» What you have to do
Would you print the lines below exactly, beginning at the line that has "Rivet semi-tubulaire en" and stopping after the line that has "Yancey County, NC"? Only those lines, and no pictures.

» Data for analysis
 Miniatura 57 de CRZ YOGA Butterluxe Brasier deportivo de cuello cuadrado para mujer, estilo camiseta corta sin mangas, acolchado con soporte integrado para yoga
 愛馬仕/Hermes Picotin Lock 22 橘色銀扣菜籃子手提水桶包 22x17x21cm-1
==
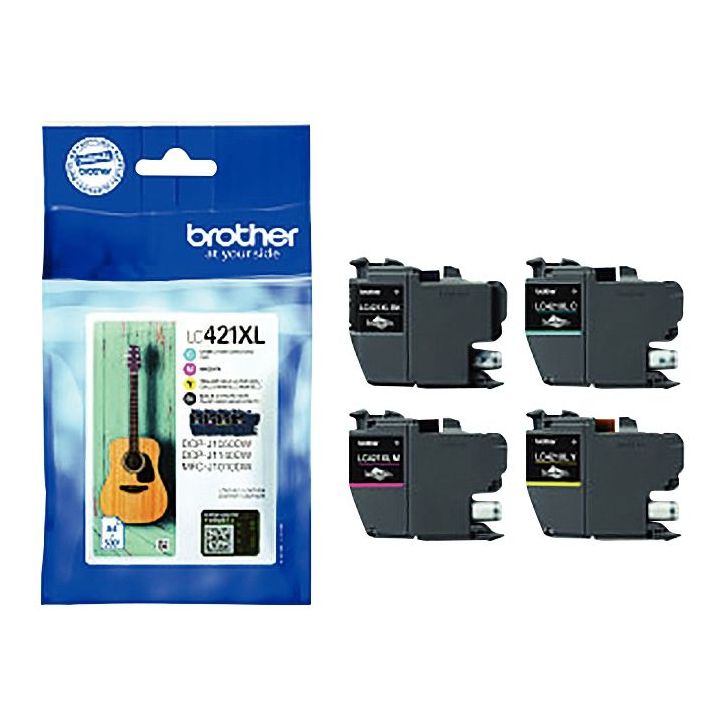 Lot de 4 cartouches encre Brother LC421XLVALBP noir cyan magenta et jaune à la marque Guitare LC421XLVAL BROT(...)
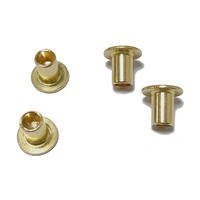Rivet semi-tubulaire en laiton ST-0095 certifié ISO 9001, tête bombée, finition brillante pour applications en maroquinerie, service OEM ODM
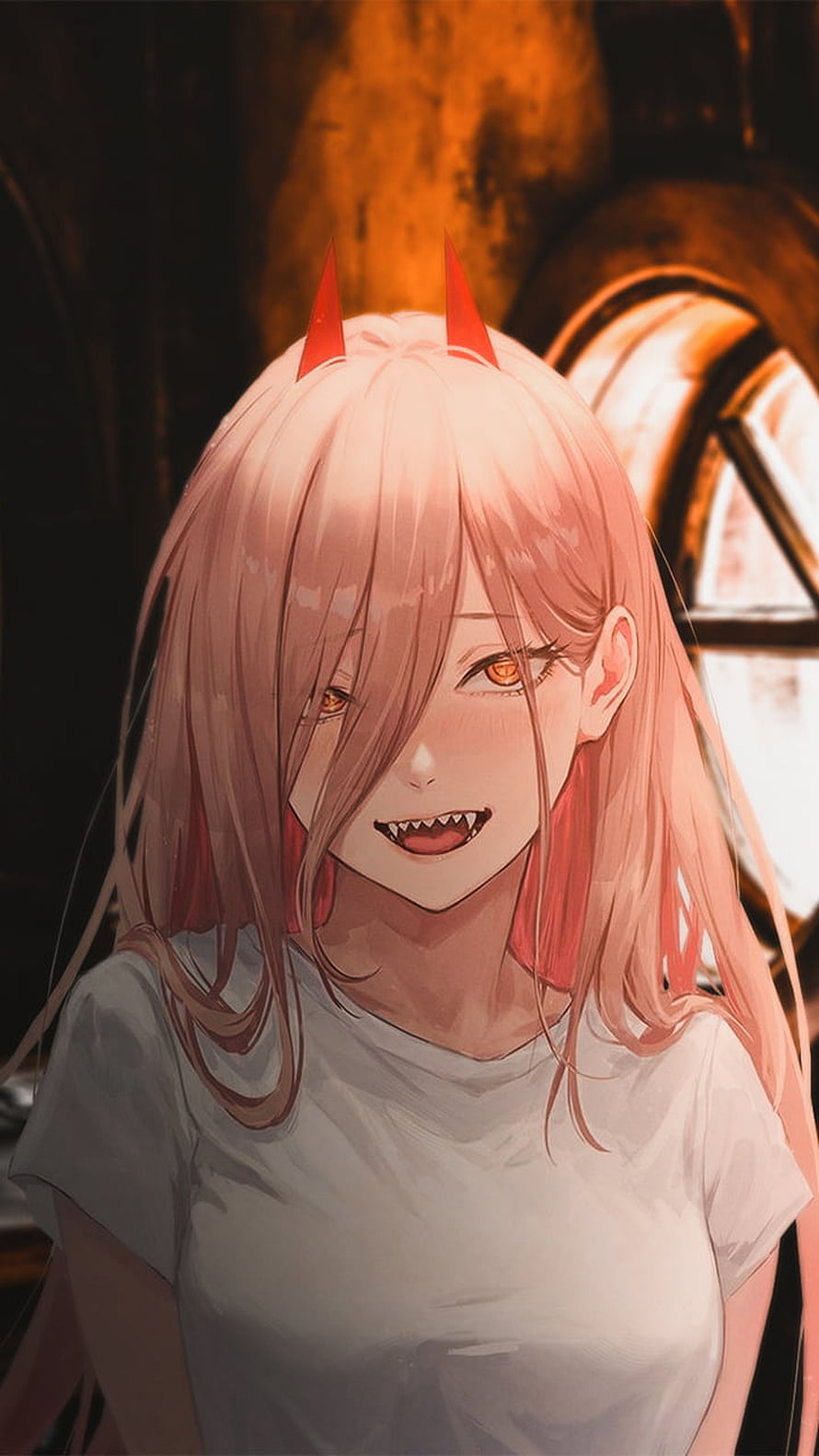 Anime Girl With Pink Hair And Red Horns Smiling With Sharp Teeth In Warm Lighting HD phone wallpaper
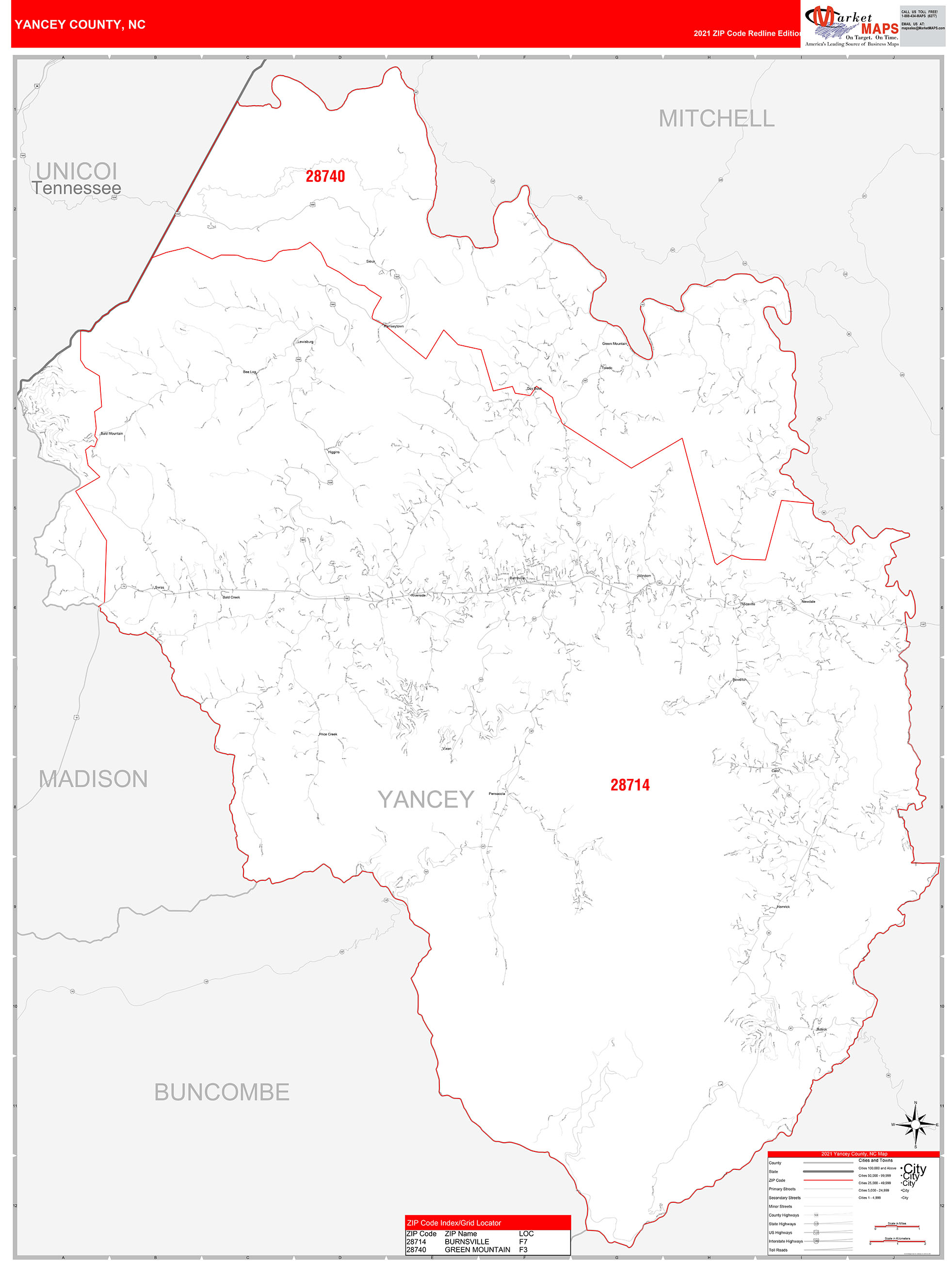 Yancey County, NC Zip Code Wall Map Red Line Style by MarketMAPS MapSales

» Output for this exercise
Rivet semi-tubulaire en laiton ST-0095 certifié ISO 9001, tête bombée, finition brillante pour applications en maroquinerie, service OEM ODM
 Anime Girl With Pink Hair And Red Horns Smiling With Sharp Teeth In Warm Lighting HD phone wallpaper
 Yancey County, NC Zip Code Wall Map Red Line Style by MarketMAPS MapSales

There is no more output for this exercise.